I’ve done some testing of the beta /load-accounts API with a configuration where I have a personal access token attached to an account with the SOURCE_SUBADMIN and a Governance group that limits the accounts access to the single source I am aggregating.
I’ve found that if I grant the PAT only the idn:accounts:manage scope, I cannot successfully perform a file-upload aggregation to the source. The response message is a 403 “The server understood the request but refuses to authorize it.”. If I add the idn:accounts-state:manage scope to the PAT then I can successfully upload the aggregation file.

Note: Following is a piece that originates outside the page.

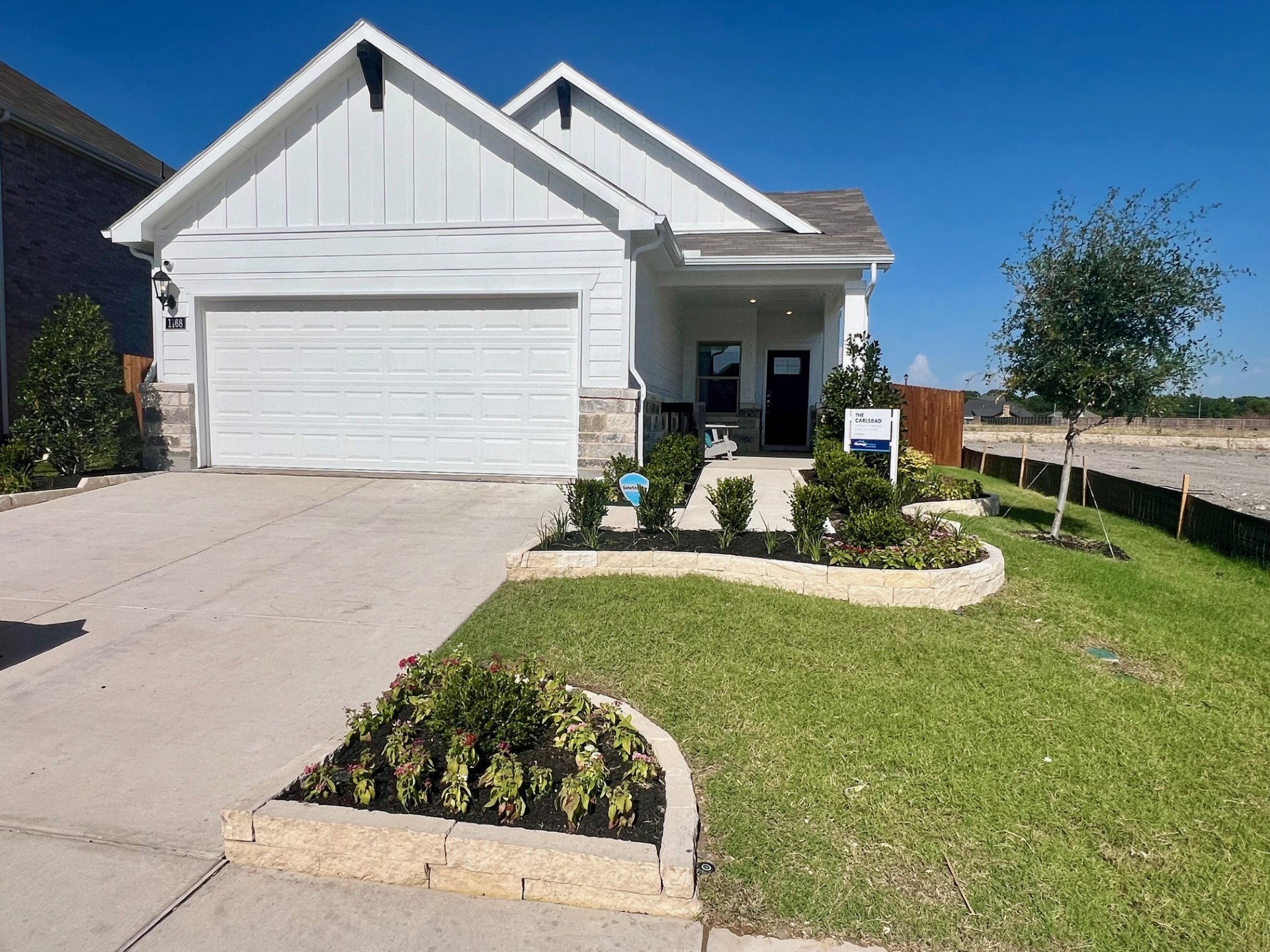 4104 Zoe Lane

I’ve just tested with a PAT that is an ADMIN role and found that the results are the same. I would guess that many people in the testing phase of moving to the replacement API are adding sp:scopes:all to their access tokens while they test.
Thanks for reporting this Ralph. I am only able to get this endpoint to work with sp:scopes:all. I have opened an engineering ticket (ISCAIM-23244) for them to fix the scope for this endpoint so it works correctly.
I can confirm that I’m also now seeing the behaviour you’ve described - I need sp:scopes:all, where when I was testing the other day prior to making the post I was able to perform the file upload/aggregation with the combination of the previously mentioned scopes: idn:sources:manage idn:accounts-state:manage
I had created three separate brand new accounts as part of work to move my connectors using the new endpoint to a least-privilege set of permissions (since this was not available when we originally implemented), so I’m very confident that it was working with those permissions at that time.
It’s worth noting that this shows that there has been a change to the endpoint without any notification, less than two weeks prior to the deprecation of the old endpoint - exactly why I previously raised my concerns about the replacement for a production endpoint being a /beta endpoint.
I agree a live API being deprecated for a BETA is very poor practice. We do not allow the use of BETA API’s in our production code as they can change or be deprecated without notice.